Forester Kangaroo Skeleton or Eastern Grey Kangaroo measures 6 feet. Eastern Grey Kangaroo Skeleton is museum quality polyurethane resin cast. Made in USA.
The Eastern Grey Kangaroo (Macropus giganteus) is a marsupial found in the eastern third of Australia, with a population of several million. It is also known as the Great Grey Kangaroo and the Forester kangaroo.
Although a big eastern grey male typically weighs around 146 lb and stands almost 6 ft 7 in. tall, the scientific name, Macropus giganteus (gigantic large-foot), is misleading: the Red Kangaroo of the semi-arid inland is larger, weighing up to 200 lb.
The Forester Kangaroo or Eastern Grey Kangaroo is the second largest and heaviest living marsupial and native land mammal in Australia.
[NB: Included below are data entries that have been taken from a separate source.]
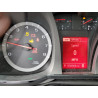 2014 GMC TERRAIN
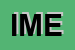 Logo di IMECA SRL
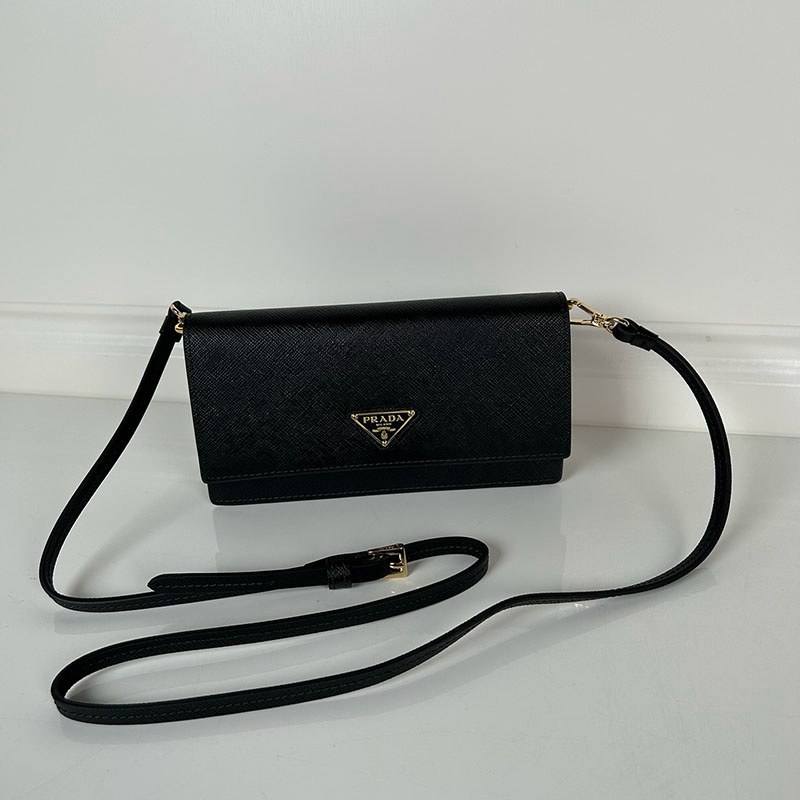 FASH Prada Bags 2411YA0016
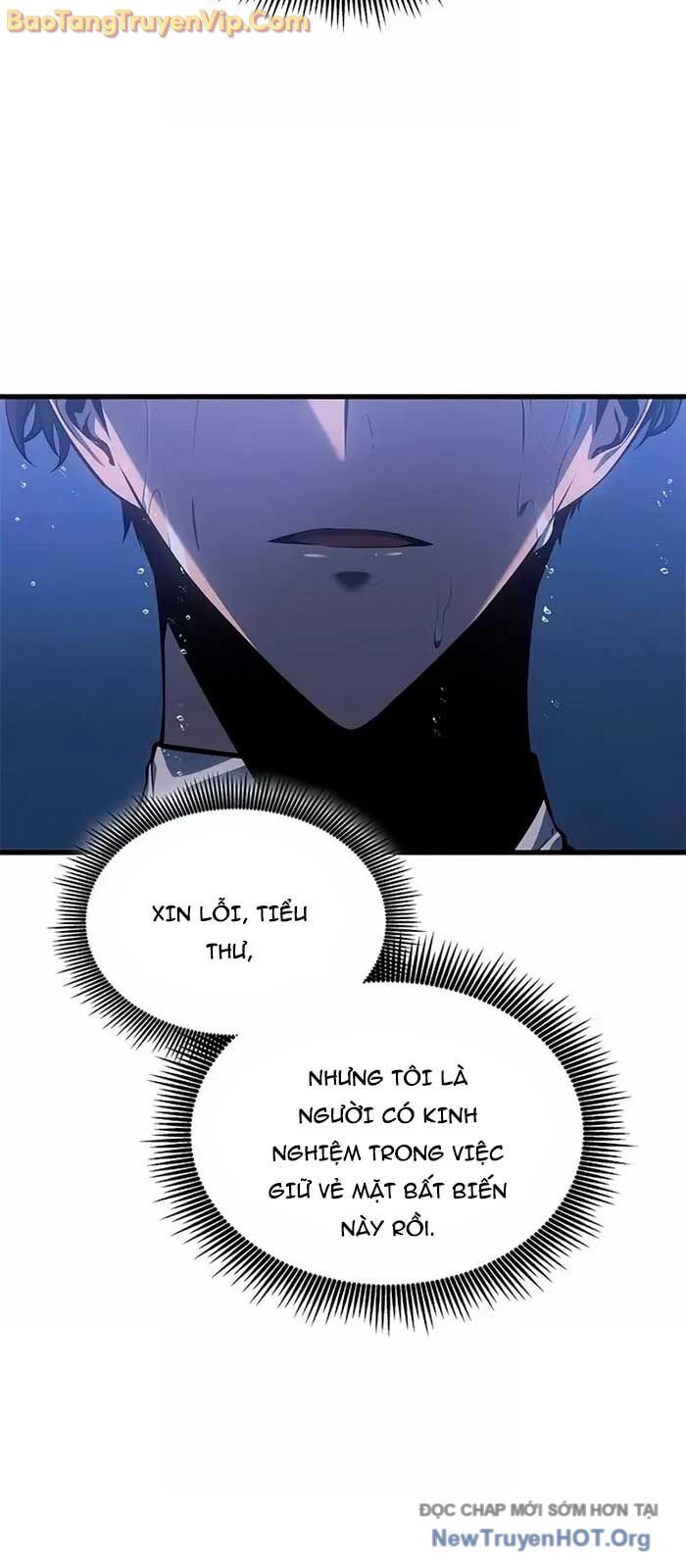 Tạp Huyết Chap 41 - Next Chap 42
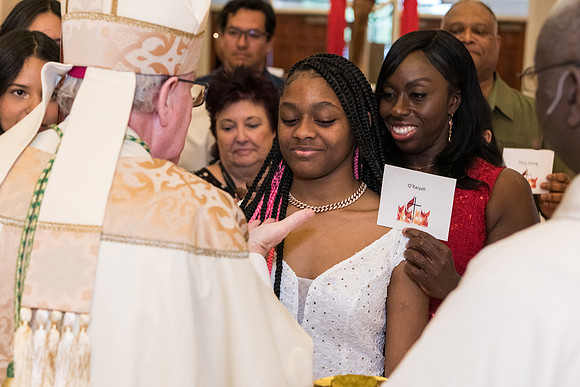 St Andrew Confirmation 20220091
An adult male will commonly weigh around 110 to 146 lb. whereas females weigh around 37 to 88 lb. They have a powerful tail that is over 3 ft 3 in. long in adult males.
The Eastern Grey Kangaroo is easy to recognise: its soft grey coat is distinctive, and it is usually found in moister, more fertile areas than the Red. Red kangaroos, though sometimes grey-blue in color, have a totally different face than Eastern Grey Kangaroos.
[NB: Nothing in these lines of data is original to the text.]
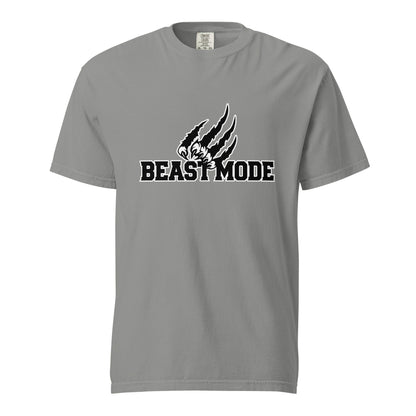 Signature | Comfort Colors T-Shirt | New England Beasts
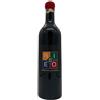 Roccapesta Morellino di Scansano 'Ribeo' Roccapesta 2023 0,75 l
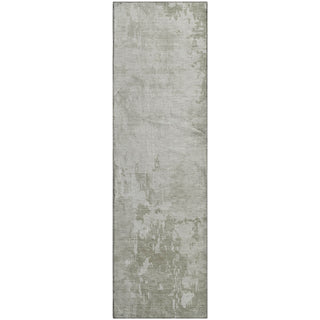 Dalyn Pacifica PA11 Linen Machine Washable Area Rug Runner Main Image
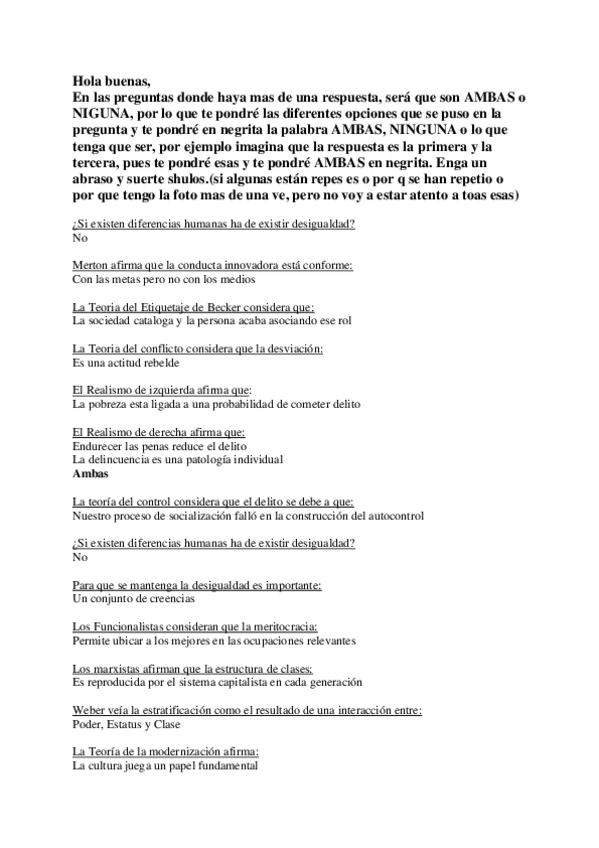 Miniatura del documento Todas-las-preguntas-del-Kahoot.pdf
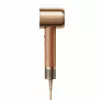Dreame Hair Miracle föön 1600 W Kuldne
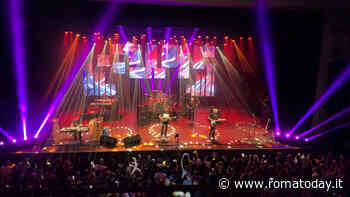 Dire Straits Legacy, unica data italiana a Roma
Red kangaroos have distinctive markings in black and white beside their muzzles and along the sides of their face. Eastern Grey Kangaroos do not have these markings, and their eyes seem large and wide open.
Where their ranges overlap, it is much more difficult to distinguish between Eastern Grey and Western Grey Kangaroos, which are closely related.
They have a very similar body and facial structure, and their muzzles are fully covered with fine hair (though that is not obvious at a distance, their noses do look noticeably different from the noses of Reds and Wallaroos).
The highest ever recorded speed of any kangaroo was 40 mph. set by a large female Eastern Grey Kangaroo.
The Forester Kangaroo or Eastern Grey prefers open grassland with areas of bush for daytime shelter and mainly inhabits the wetter parts of Australia. It also inhabits coastal areas, woodlands, sub-tropical forests, mountain forests, and inland scrubs.
Like all Kangaroos, it is mainly nocturnal and crepuscular, and is mostly seen early in the morning, or as the light starts to fade in the evening.
In the middle of the day, kangaroos rest in the cover of the woodlands and eat there but then come out in the open to feed on the grasslands in large numbers. The Eastern Grey Kangaroo is predominantly a grazer, eating a wide variety of grasses.